Anda di halaman 1dari 8

Naskah Drama Legenda Batu Menangis

Legenda Batu Menangis (Cerita Rakyat Kalimantan )


Alkisah, disebuah bukit yang jauh dari desa, didaerah Kalimantan hiduplah seorang janda miskin
dan seorang anak gadisnya.
Anak gadis janda itu bernama Darmi, rupanya sangat cantik jelita. Namun sayang, ia mempunyai
perilaku yang amat buruk. Gadis itu amat pemalas, tak pernah membantu ibunya melakukan
pekerjaan-pekerjaan rumah. Kerjanya hanya bersolek setiap hari.
Segala permintaannya harus dituruti. Setiap kali ia meminta sesuatu kepada ibunya harus
dikabulkan, tanpa memperdulikan keadaan ibunya yang miskin, setiap hari harus membanting
tulang mencari sesuap nasi.
Suatu hari, seperti biasa gadis itu mengurung dirinya di dalam kamarnya. Ia tak mau matahari
merusak kulitnya. Ia enggan debu-debu mengotori wajahnya.

Darmi : Ibuuuu!(Dengan nada yang keras)


Sang ibu tergesa-gesa menghampiri putrinya.

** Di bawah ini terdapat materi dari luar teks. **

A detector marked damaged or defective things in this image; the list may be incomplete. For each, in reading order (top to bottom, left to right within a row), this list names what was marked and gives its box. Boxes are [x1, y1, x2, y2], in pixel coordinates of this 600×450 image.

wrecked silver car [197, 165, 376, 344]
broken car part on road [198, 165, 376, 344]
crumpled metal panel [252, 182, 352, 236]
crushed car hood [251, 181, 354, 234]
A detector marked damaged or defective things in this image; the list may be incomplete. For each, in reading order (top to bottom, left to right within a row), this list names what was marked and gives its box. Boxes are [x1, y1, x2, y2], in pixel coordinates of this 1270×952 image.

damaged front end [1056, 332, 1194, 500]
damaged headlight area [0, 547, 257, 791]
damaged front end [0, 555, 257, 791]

Darmi : Bukankah sudah berulang kali aku bilang bahwa setiap aku bangun ibu harus sudah
menata kamar ini hingga rapi, menyediakan lulur, air hangat, dan membuatkan minuman sari
buah untukku? (ekspresi marah)

Ibu : (dengan nada pelan) kamu itu sudah besar, nak. Kamu bisa mengerjakan semua itu
sendiri.

Darmi :Ibu kan tahu, aku lagi sibuk,


Sang ibu hanya mengelus dada. Hatinya gelisah. Kesibukan mempercantik diri, hanya itulah
yang selalu dilakukan putrinya yang pemalas itu.
Matahari mulai memancarkan sinarnya . Sang ibu mulai bersiap-siap untuk berangkat ke sawah
untuk bekerja, ia tidak lupa mengajak darmi untuk membantunya di sawah.

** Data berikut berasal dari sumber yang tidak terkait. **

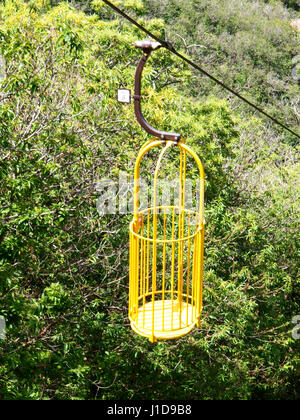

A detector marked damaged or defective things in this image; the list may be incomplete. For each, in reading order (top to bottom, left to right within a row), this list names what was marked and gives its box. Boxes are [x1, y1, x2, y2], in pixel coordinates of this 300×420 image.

rusty metal arm [134, 40, 180, 141]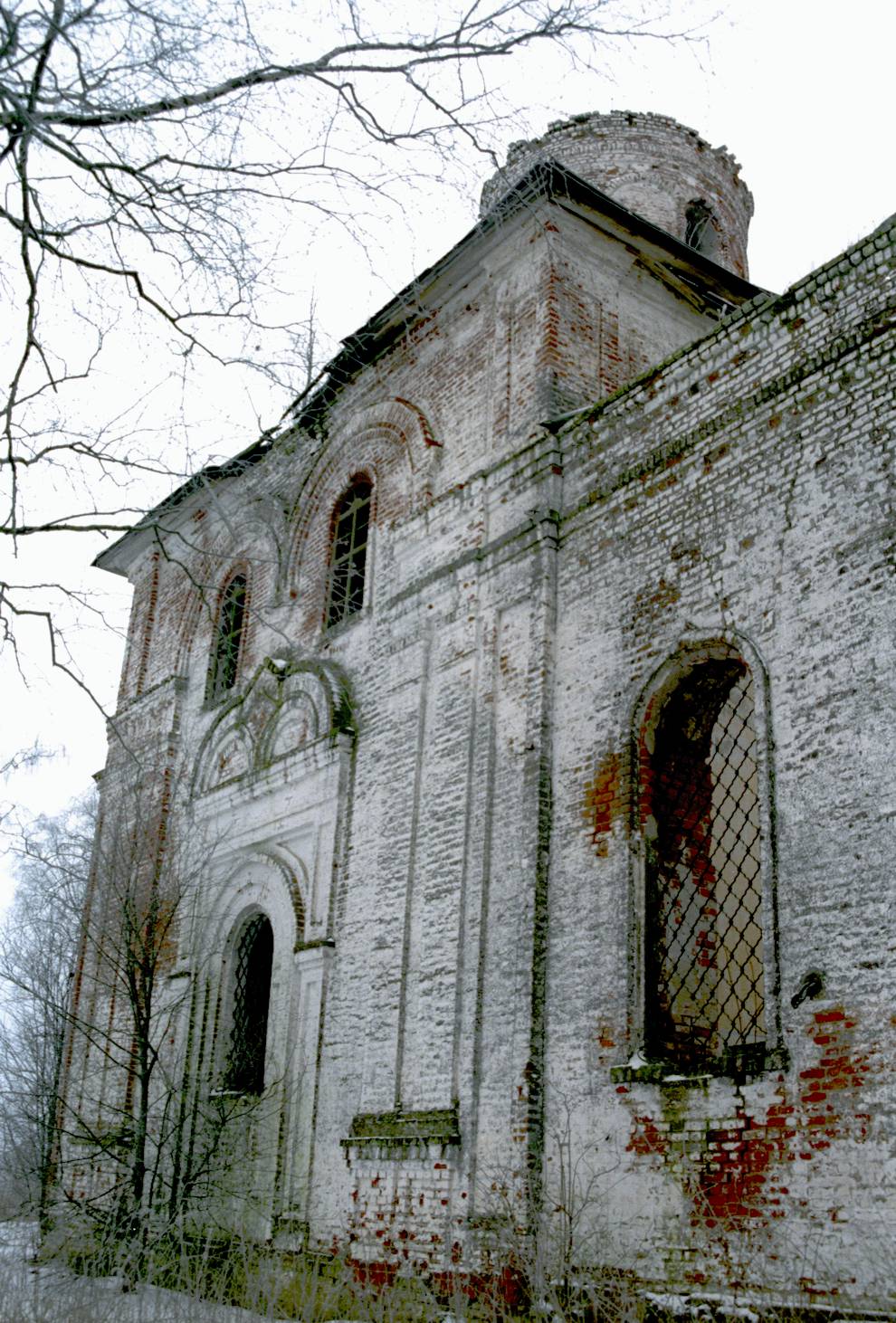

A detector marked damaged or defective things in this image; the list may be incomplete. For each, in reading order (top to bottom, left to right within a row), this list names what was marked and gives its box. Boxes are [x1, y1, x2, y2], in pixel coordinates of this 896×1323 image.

damaged cupola [479, 109, 751, 281]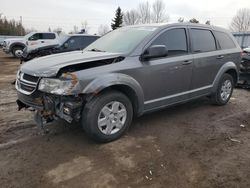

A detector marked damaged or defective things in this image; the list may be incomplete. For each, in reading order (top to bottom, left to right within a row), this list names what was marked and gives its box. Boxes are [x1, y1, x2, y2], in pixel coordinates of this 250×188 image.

crumpled hood [20, 50, 124, 77]
damaged front end [16, 71, 86, 127]
broken front bumper [17, 90, 85, 125]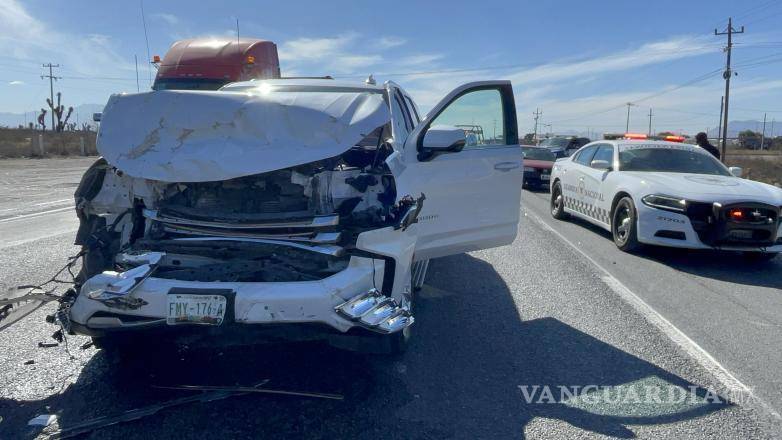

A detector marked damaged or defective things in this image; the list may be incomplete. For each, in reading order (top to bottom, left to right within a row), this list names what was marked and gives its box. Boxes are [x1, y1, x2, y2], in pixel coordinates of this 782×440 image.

shattered hood [98, 88, 392, 181]
deployed airbag [98, 88, 392, 181]
crumpled front end [66, 90, 422, 348]
destroyed white pickup truck [64, 80, 524, 354]
broken headlight housing [644, 194, 688, 213]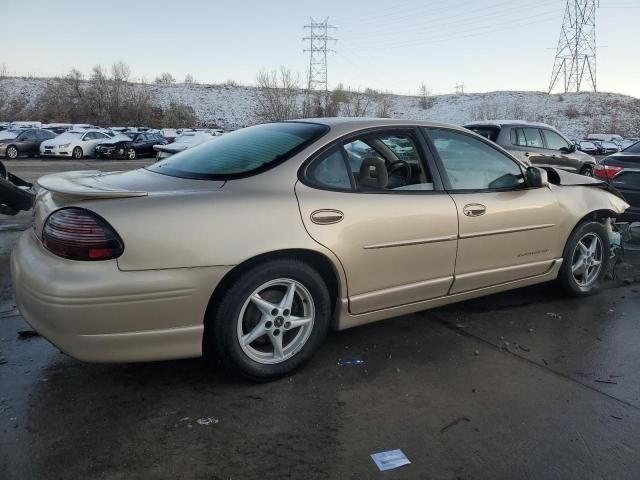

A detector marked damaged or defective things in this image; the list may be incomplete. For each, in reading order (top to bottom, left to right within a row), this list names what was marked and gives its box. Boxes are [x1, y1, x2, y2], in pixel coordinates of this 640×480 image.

crumpled hood [37, 168, 224, 200]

Ibu: Darmi . . .Ayo Bantu ibu bekerja di sawah(sambil mengetuk pintu kamar darmi)
Darmi : Tidak bu . . ., nanti kalo kuku dan kulit ku kotor gimana?

Ibu : apa kamu tidak kasihan sama ibu nak ? (dengan nada iba)
Darmi : saya lagi dandan bu . .(sibuk merias wajahnya)
Akhirnya sang ibu pergi kesawah sendirian. Setelah Ibu pulang dari sawah . Darmi langsung
menghampirinya

Ibu: ibu pulang . .(dengan nada lelah)

Darmi : Upahnya mana ? (sambil mencari-cari uang upah ibunya di pakaian ibunya ,dan di
temukan uangnya di dalam genggaman tangan ibunya)

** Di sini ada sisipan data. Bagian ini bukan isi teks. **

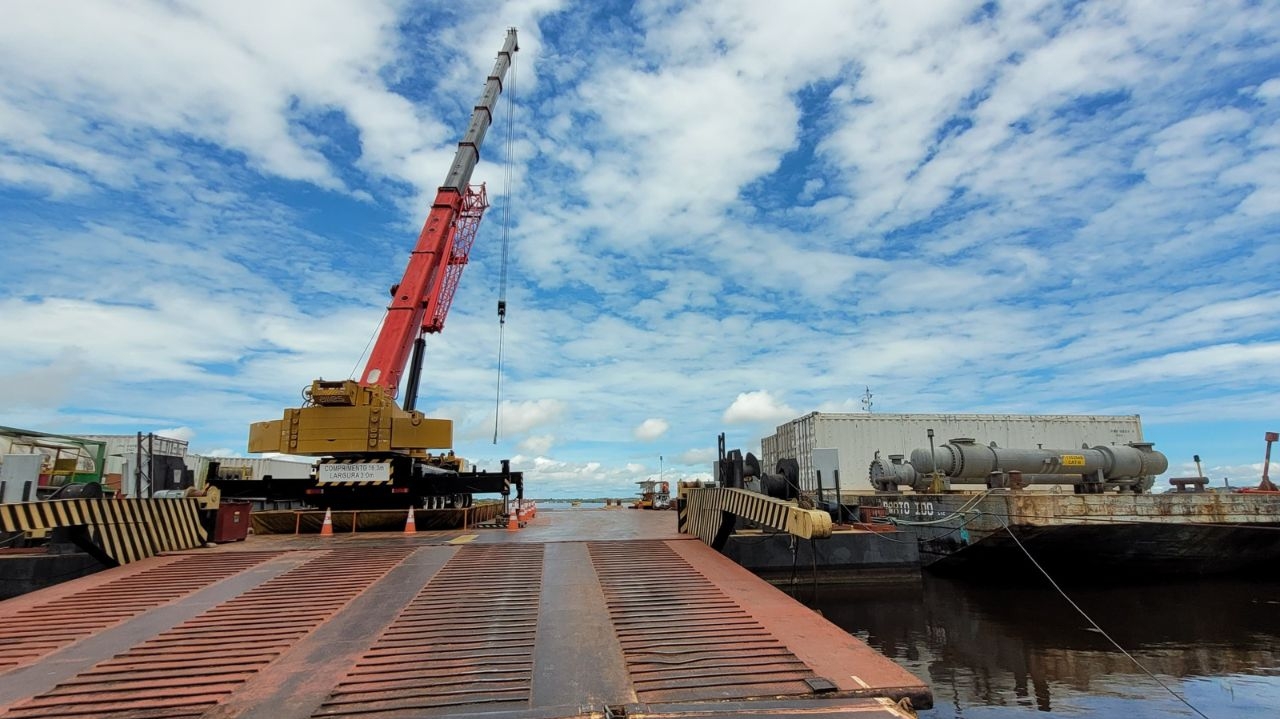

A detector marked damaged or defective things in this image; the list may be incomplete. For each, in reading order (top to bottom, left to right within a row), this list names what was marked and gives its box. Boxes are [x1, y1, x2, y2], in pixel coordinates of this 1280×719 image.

rusty steel deck [0, 506, 931, 711]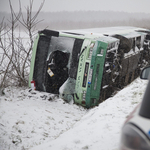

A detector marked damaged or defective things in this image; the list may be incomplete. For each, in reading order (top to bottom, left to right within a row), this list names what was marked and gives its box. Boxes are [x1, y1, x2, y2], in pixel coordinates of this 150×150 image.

overturned bus [28, 26, 150, 108]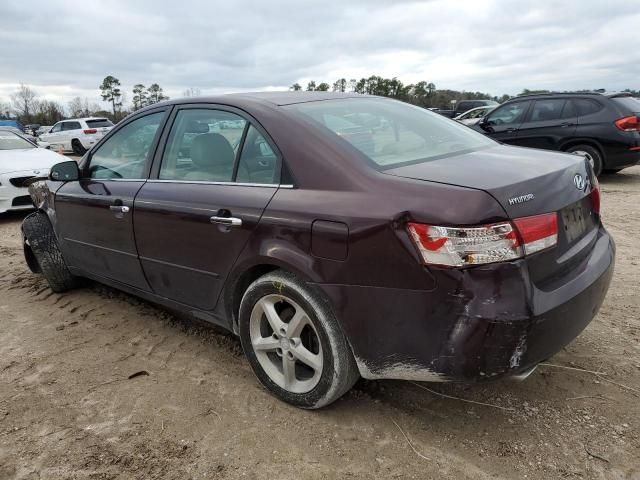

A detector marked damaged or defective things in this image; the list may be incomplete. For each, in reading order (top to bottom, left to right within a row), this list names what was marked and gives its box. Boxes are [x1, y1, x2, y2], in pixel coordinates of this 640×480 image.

damaged rear bumper [318, 229, 612, 382]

Darmi : nahh ini dia. .(dengan wajah senang sambil menunjuk uang)
Ibu: Jangan, Nak! Uang itu untuk membeli beras, ujar sang Ibu.

Darmi : Bedak ku habis bu, mesti beli yang baru

Ibu : kamu itu jadi anak bisanya cuma minta aja, tapi tidak pernah mau bekerja (dengan kesal)
Meskipun marah, sang Ibu tetap memberikan uang itu kepada Darmi. Keesokan harinya, ketika
ibunya pulang dari bekerja, si Darmi meminta lagi uang upah yang diperoleh ibunya untuk
membeli alat kecantikannya yang lain. Keadaan itu terjadi setiap hari.
Suatu hari, sang ibu mencoba untuk membujuk anaknya agar mulai mengubah tabiat buruknya.

Darmi : bu, mana uangnya?

ibu : nak.. Coba kamu bantu ibu di sawah.

Darmi : apa sih bu?

Ibu : Ibu kan sudah tua, jika ibu dipanggil oleh Tuhan maka Ibu tak khawatir lagi engkau bisa
mengurusi dirimu sendiri. Kita itu orang miskin, kita harus tetap bekerja untuk bisa makan. (di
ruang tamu)

Darmi :(sibuk melentik kan kukunya) siapa suruh jadi orang miskin. Lagi pula Aku tidak pernah
minta kamu jadi ibuku. . (ketus sang gadis)
Ibu pun sedih mendengar ucapan yang terlontar dari mulut anaknya sendiri

Ibu : Baiklah, Anakku. Ibu hanya memohon agar kamu tidak mengurung diri di rumah. Kenalilah
lingkunganmu agar ibu tenang jika suatu saat dipanggil Tuhan. ( dengan sabar )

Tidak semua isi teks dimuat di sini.